Surgical correction of lymphatic anomalies by lymphaticovenous bypassing has proven successful in 50% of patients with severe manifestations of CCLA. After assessing technical success in all cases, Taghinia et al. concluded that additional functional factors might influence the treatment success. Treatment failure could be explained by dysfunctional lymphatic valves based on an MDFIC gene mutation. Whether patients benefit from lymphaticovenous bypassing in the long term remains unknown (12).

Throughout the follow-up period, the patient remained in good health, attending regular follow-up appointments at our clinic. Results from immunological investigations are still pending. Intranodal dynamic magnetic resonance lymphangiography, along with the clinical presentation, is planned in the future to evaluate the eligibility for surgical correction of the lymphatic anomaly (4).
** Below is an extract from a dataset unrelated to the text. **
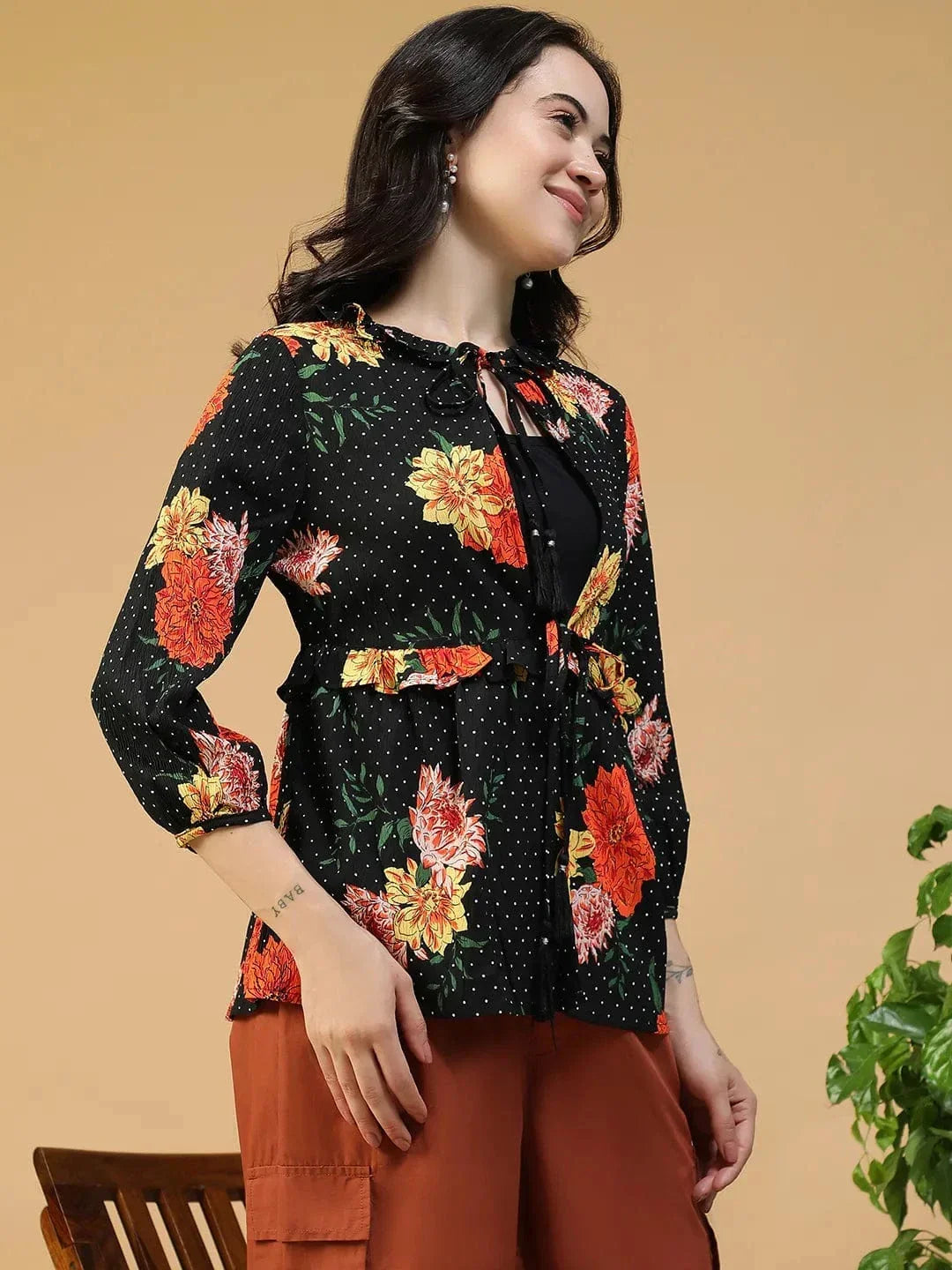 Black Floral Print Shrug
In conclusion, we can say that patients with MDFIC mutations seem more susceptible to fulminant courses of infectious diseases, and vigorous treatment should be considered upon clinical signs of invasive infections. Sepsis therapy, according to surviving sepsis guidelines, proved effective in treating our patient. Further research on the effect of lymphatic malformations on immune responses, including subtype analysis of differing MDFIC mutations, is warranted to improve the management and outcomes of potentially life-threatening infections in these patients.